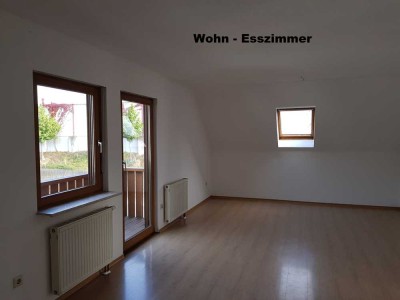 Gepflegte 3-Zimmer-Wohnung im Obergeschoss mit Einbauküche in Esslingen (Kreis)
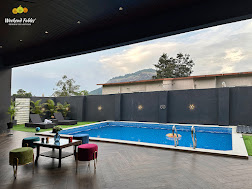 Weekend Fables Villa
==
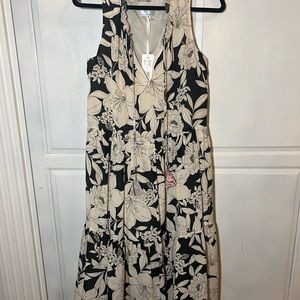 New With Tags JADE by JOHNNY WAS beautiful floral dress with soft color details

Task goal —
Reproduce word for word, with pictures dropped, only the part of the material above that opens with the line containing "Gepflegte 3-Zimmer-Wohnung im" and closes with the line containing "Weekend Fables Villa".

Finished exercise —
 Gepflegte 3-Zimmer-Wohnung im Obergeschoss mit Einbauküche in Esslingen (Kreis)
 Weekend Fables Villa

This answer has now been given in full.